Session EL: Hadrons: Form Factors

Model Independent Extraction of the Proton Charge Radius from PRad data

The proton radius puzzle has motivated several new experiments that aim to extract the proton charge radius and resolve the puzzle. Recently PRad, a new electron-proton scattering experiment at Jefferson Lab, reported a proton charge radius of $0.831\pm 0.007_\textnormal{statistical}\pm 0.012_\textnormal{systematic}$. The value was obtained by using a rational function model for the proton electric form factor. We perform a model-independent extraction using $z$-expansion of the proton charge radius from PRad data. We find that the model-independent statistical error is more than 50\% larger compared to the statistical error reported by PRad.   

e-p scattering measurement of proton radius with gas jet target @ MAMI

The proton radius puzzle is the incompatibility of the previously agreed proton charge radius measured by electron-proton scattering and hydrogen spectroscopy, against a smaller number from muonic hydrogen spectroscopy. This topic has been under extensive study since the last decade. New experiments and re-analysis of existing data are published continuously, but the puzzle remains unsolved. In late 2019, the PRad experiment measured the radius compatible with results from muonic hydrogen spectroscopy. It also reported a discrepancy of the proton electric form factor from previous scattering experiments in $Q^2$ range from $0.02(GeV/c)^2$ to $0.06(GeV/c)^2$. I will present the current status of an on-going experiment at Mainz Microtron, which has taken data early in 2020. This experiment uses two circularly movable spectrometers to remeasure the electron-proton scattering cross-section, covering the most controversial $Q^2$ range, as previously mentioned. It also helps evaluate the performance of a windowless jet gas target, which will be used for the MAGIX experiment in the future.   

The Physics Reach of MUSE

The MUon Scattering Experiment (MUSE), which takes place at the PiM1 beamline of the Paul Scherrer Institut (PSI), aims to simultaneously measure elastic $ep$ and $\mu p$ scattering in order to determine the proton charge radius. However with the beamline and kinematics available to the experiment, MUSE has a broader physics reach than extracting the proton radius. As the experiment uses both positively and negatively charged leptons, a precise two photon exchange measurement can be performed for both electrons and muons in the 0.002 < $Q^{2}$ < 0.08 (GeV/c)$^{2}$ and 0.26 < $\varepsilon$ < 0.94 regime. The experiment has both a LH$_2$ target and a carbon target, allowing for a variety of precise cross section measurements. With access to $\pi^{\pm}$ in the beam it is also possible to measure absolute and relative elastic pion cross sections to high precision with the MUSE detector. In this talk the physics reach of MUSE and projected uncertainties for the measurements will be discussed.   

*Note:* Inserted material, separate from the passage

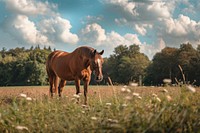 Horse Stud and her on a field horse countryside grassland.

An overview of the MUSE experiment at PSI

The MUon Scattering Experiment (MUSE) at the Paul Scherrer Institute (PSI) has been primarily motivated to investigate the proton charge radius in order to address the discrepancy between two candidate values from hydrogen spectroscopy, muonic-hydrogen spectroscopy and electron-proton scattering experiments. MUSE was proposed as the first experiment ever to perform simultaneous high-precision measurements of elastic electron-proton and muon-proton scattering. Measurements will be obtained for both positive and negative lepton charges. The beam is a mixture of electrons ($e$), muons ($\mu$) and pions ($\pi$) of chosen charge, run at momenta of 115, 160, 210 MeV/$c$. MUSE is equipped with a target system which consists of liquid hydrogen (LH2), Carbon and Polyethylene (CH$_2$) targets. MUSE measures scattered particles at scattering angles of $20^\circ- 100^\circ$ corresponding to transferred momenta of $0.002 - 0.08$ GeV$^2$/$c^2$. I will present an overview of the experimental setup including the present status and projected timeline.   

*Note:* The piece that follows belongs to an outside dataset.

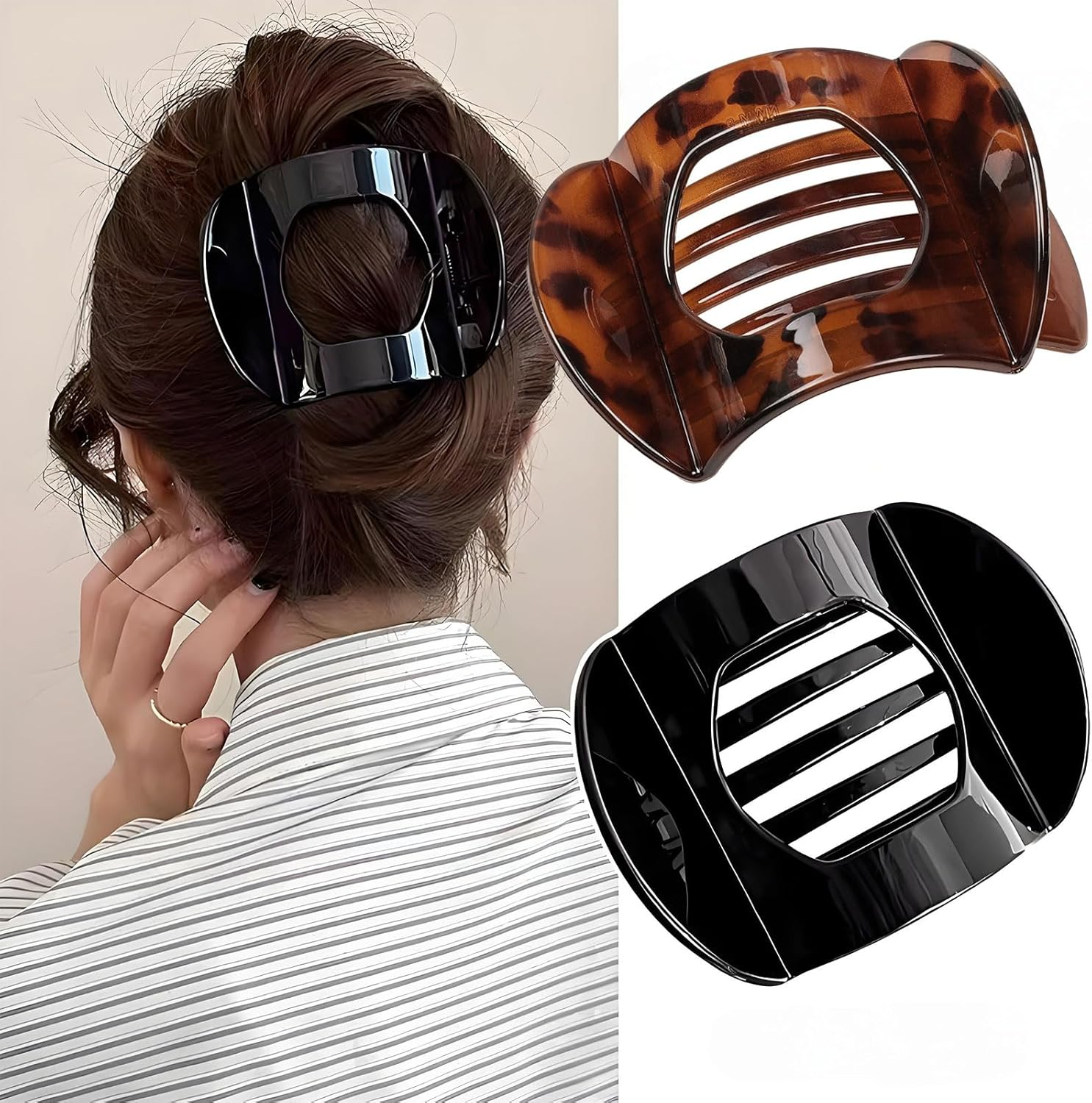 MYTOAU 2 PCS Claw Clips Flat Hair Clips for Women Large Hair Clips Flat Claw Clips for Women Duckbill Hair Clips Cute Hair Accessories for Women Girls for Styling Thick Thin Hair Barrettes Pins image number 1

Study of Radiative-Correction Uncertainties in MUSE with ESEPP

The MUon Scattering Experiment (MUSE) at Paul Scherrer Institute (PSI) has been developed to measure elastic electron-proton and muon-proton scattering data with positively and negatively charged beams in a four-momentum-transfer range from 0.002 to 0.08 GeV$^2$. Each of the four sets of data will allow the extraction of the proton charge radius. In combination, the data test possible differences between the electron and muon interactions and additionally two-photon exchange effects. Accurate calculations of higher-order corrections to the Born cross section are an essential component in reducing uncertainties in measurements of the proton radius. In this talk, an event generator, ESEPP (Elastic Scattering of Electrons and Positrons on Protons), which takes account the first-order radiative corrections of elastic scattering of charged leptons ($e$$^{\pm}$ and $\mu$$^{\pm}$) on protons, is used to study the radiative corrections and their uncertainties in MUSE. The size of radiative corrections and uncertainties for electron and muon will be discussed.   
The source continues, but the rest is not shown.